Source material
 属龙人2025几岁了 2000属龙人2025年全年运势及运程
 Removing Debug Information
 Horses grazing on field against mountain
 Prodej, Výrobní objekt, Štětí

==

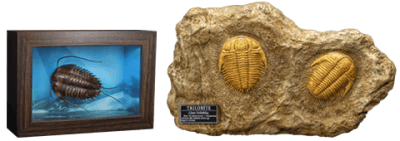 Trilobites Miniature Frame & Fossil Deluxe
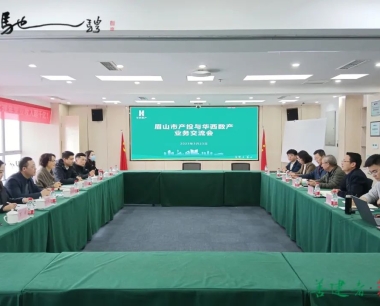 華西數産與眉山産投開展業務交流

Required work
All that is wanted is a faithful reproduction of the line above with "属龙人2025几岁了 2000属龙人2025年全年运势及运程", the line with "Prodej, Výrobní objekt, Štětí", and every line in between.

Answer space
 属龙人2025几岁了 2000属龙人2025年全年运势及运程
 Removing Debug Information
 Horses grazing on field against mountain
 Prodej, Výrobní objekt, Štětí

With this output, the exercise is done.